Otro punto en el mapa –Gorda–, no es más que una estación de servicio y una confitería. Vale la pena detenerse para disfrutar del decorado de los locales, bajo el signo de las ballenas, que se pueden divisar desde este punto de la costa durante sus migraciones anuales. A pocos kilómetros, el Esalen Institute es un centro termal otrora frecuentado por los indios, y ahora uno de los puntos de reunión de los adeptos del new-age en California. La parte mística de la ruta 1 se termina por ahí, cuando la vegetación se hace más baja y los acantilados más despejados. La ruta sigue rumbo a San Simeon, hacia propósitos más terrestres: mezclas de lujo y poder gracias a fortunas colosales.
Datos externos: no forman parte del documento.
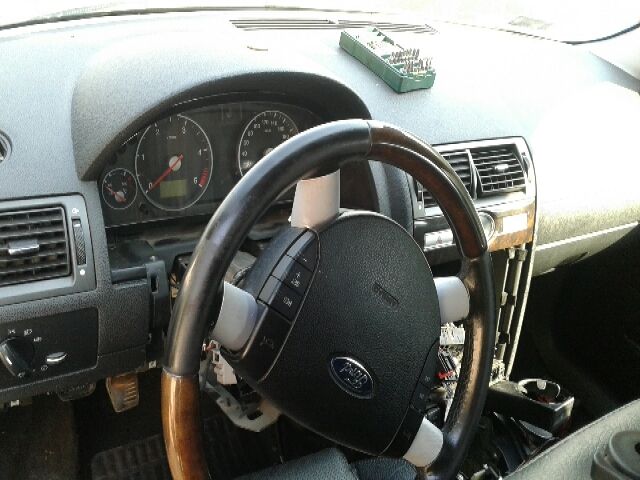 bontott FORD MONDEO III Jobb első Csonkállvány Kerékaggyal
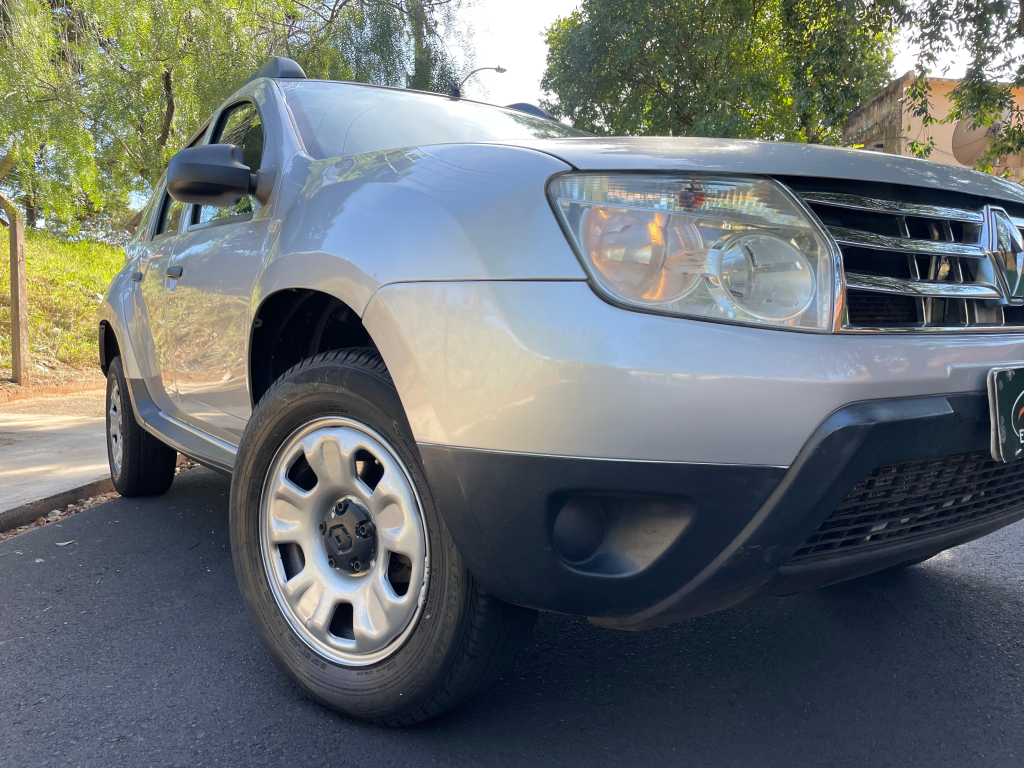 RENAULT Duster - Foto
San Simeon es el último lugar de importancia sobre la ruta 1, antes de que se una con la Autopista 101 en las afueras de San Luis Obispo, en medio de un tránsito que ya indica que estamos bastante cerca de la gran aglomeración de Los Angeles. San Simeon también es poco más que un paraje, pero al mismo tiempo es la atracción principal de este circuito. En realidad es el segundo lugar más visitado de California después de Disneylandia. En estas montañas se levanta el castillo de todos los sueños, de todas las fantasías, de todos los extremos. Es una suerte de castillo de Baviera repasado por los delirios de arquitectos formados en Hollywood. La enorme mansión levanta sus torres gemelas sobre un laberinto de piezas y edificios en donde se mezclan todas las épocas y los estilos, y que guardan muchas valiosas obras de arte provenientes de iglesias y castillos de toda Europa. Es nada menos que la residencia de Citizen Kane, es decir, el magnate de la prensa William R. Hearst.
Hearst construyó y vivió en este castillo entre 1919 y 1947, algunos años antes de su muerte. Cada fin de semana decenas de invitados entre las estrellas de Hollywood y las personalidades de Estados Unidos llegaban en un tren especial animado por una banda de jazz para disfrutar de las proyecciones privadas de películas todavía inéditas (Hearst proyectó Lo que el viento se llevó en su sala privada seis meses antes del estreno), de las inmensas piletas decoradas como baños romanos o de las cenas presididas por Hearst en persona en una sala gótica. Los miles y miles de hectáreas de la estancia fueron parquizados y entre las piletas y las terrazas se podían avistar los numerosos animales salvajes que Hearst criaba: osos, leones, avestruces y hasta elefantes. Desde los años ‘50, el Castillo Hearst, como se lo conoce, es propiedad del estado de California, que lo transformó en un museo para que todos puedan visitarlo y tener la ilusión –aun habiendo pagado una entrada a un museo– de haber logrado lo que California no deja de prometer a todos: fortuna y buena vida.